Mouvement social ou politique, discipline scientifique... l'agroécologie est décidément un terme que tout le monde connait, rejette ou revendique. Dans cette chronique, Edith Le Cadre-Barthélémy, professeure à l'Institut Agro Rennes Angers, décrypte, sur euradio, les différents sens de ce mot.
Aujourd’hui Edith vous souhaitiez aborder un aspect un peu plus personnel ?
Oui en effet Laurence. Lors d’un repas en commun avec des collègues suédois, nous débattions avec passion de nos derniers résultats de recherche et de récents articles parus. Autour de la table étaient présents des entomologues, une écologue microbienne des sols et moi-même, tous travaillent sur les écosystèmes anthropisés et agricoles, souvent en partenariat avec des agriculteurs et agricultrices.
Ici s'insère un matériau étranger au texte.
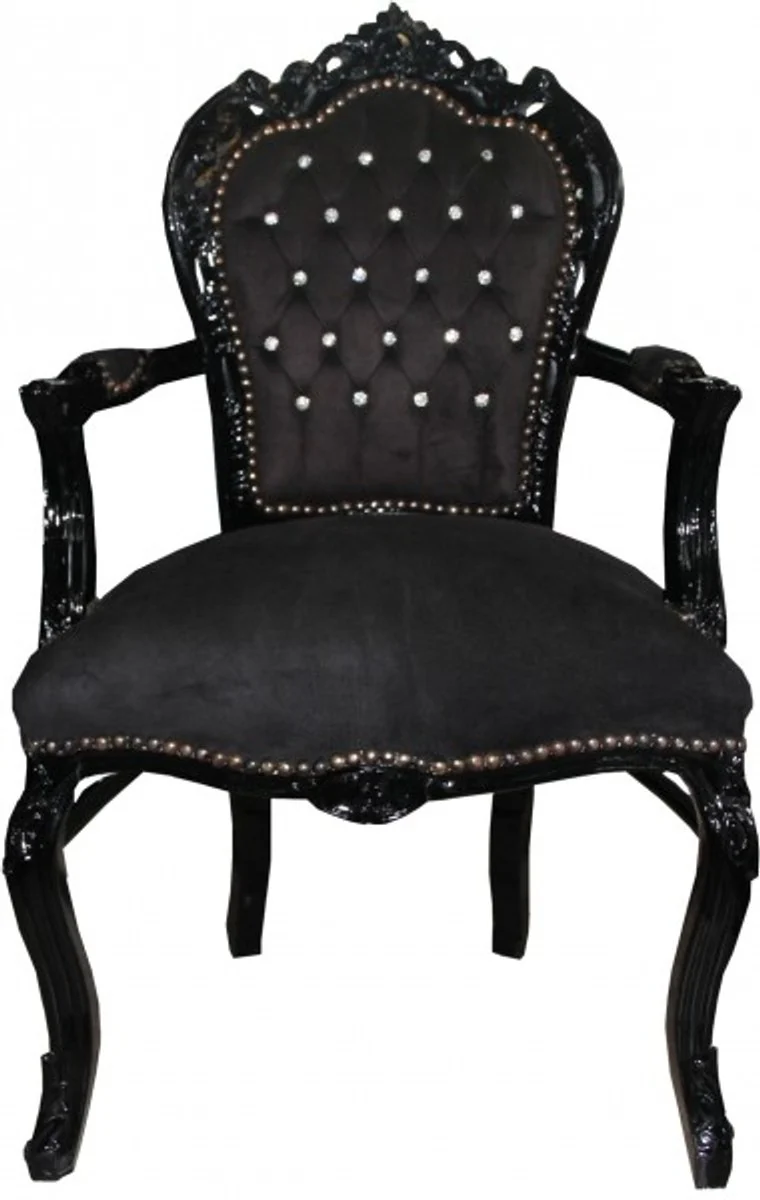 Casa Padrino Barock Esszimmer Stuhl Schwarz / Schwarz mit Armlehnen und Bling Bling Glitzersteinen - Limited Edition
Soudain l’un d’entre nous a posé sa fourchette, et a lancé « vous croyez que ce que l’on fait sert à quelque chose, vous êtes optimistes vous ? ». Autant dire que la température de l’ambiance a sévèrement chuté et c’était sans rapport avec la température extérieure d’Uppsala pourtant à -23°C ce jour-là.
C’est comme si cette personne avait cassé un tabou, car après un moment de silence, presque religieusement un à un les collègues et moi-même avons fait le constat que nous sommes tous pessimistes et démoralisés. Ainsi, nous avions rejoint la cohorte des spécialistes du climat écoeurés par l’absence d’action forte pour soutenir l’adaptation, l’atténuation et la compensation vis à vis du changement climatique.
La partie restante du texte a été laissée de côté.